[[ DATA BELOW open ]]

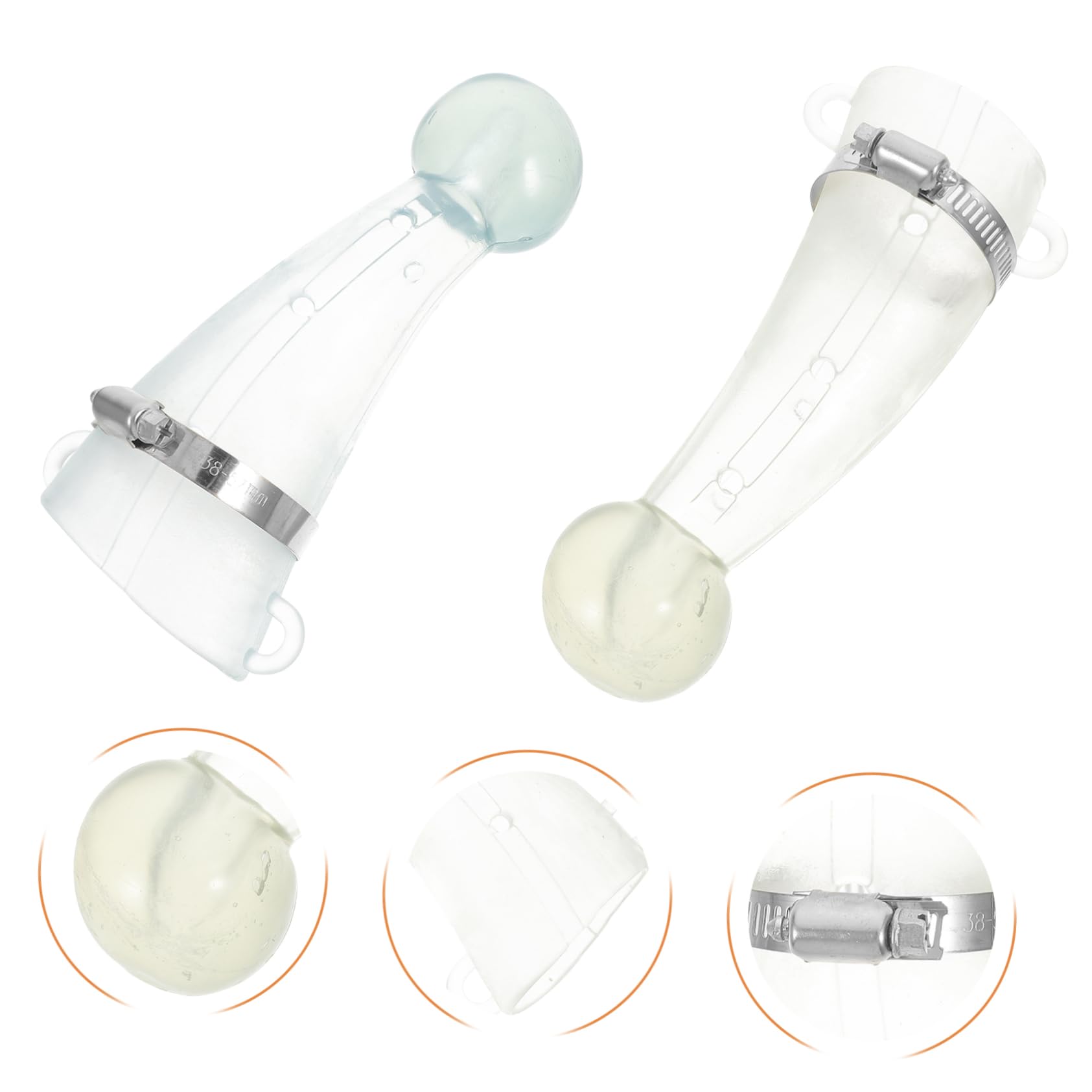 SUPVOX Cattle Horn Covers Silicone 3 Pairs Protective Horn Covers for Farm Cattle Random Color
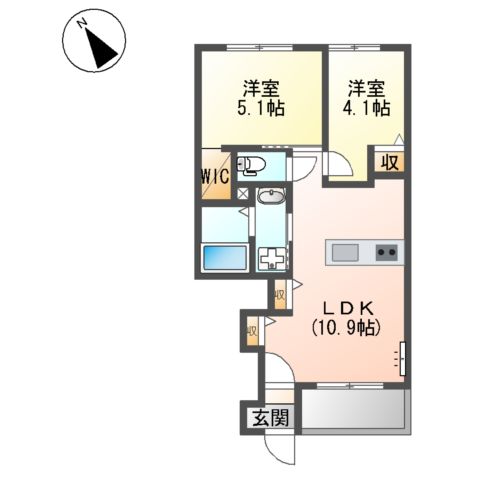 Prendre(プランドール)の間取り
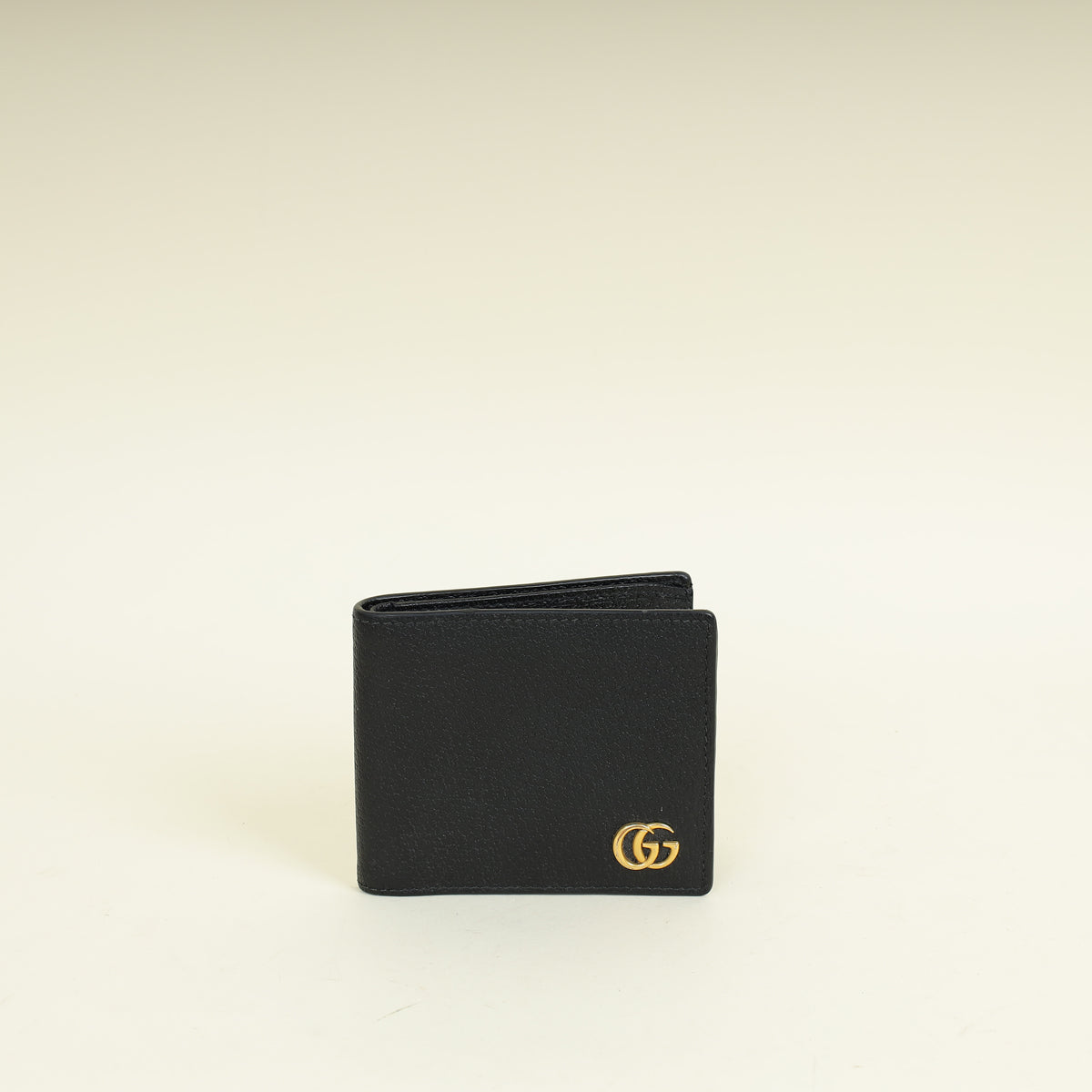 Gucci Black GG Marmont Bi-fold Card Case Wallet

[[ DATA BELOW closed ]]

WORK REQUEST: Could you give the listing again exactly, minus its pictures?

EXPECTED ANSWER:
 SUPVOX Cattle Horn Covers Silicone 3 Pairs Protective Horn Covers for Farm Cattle Random Color
 Prendre(プランドール)の間取り
 Gucci Black GG Marmont Bi-fold Card Case Wallet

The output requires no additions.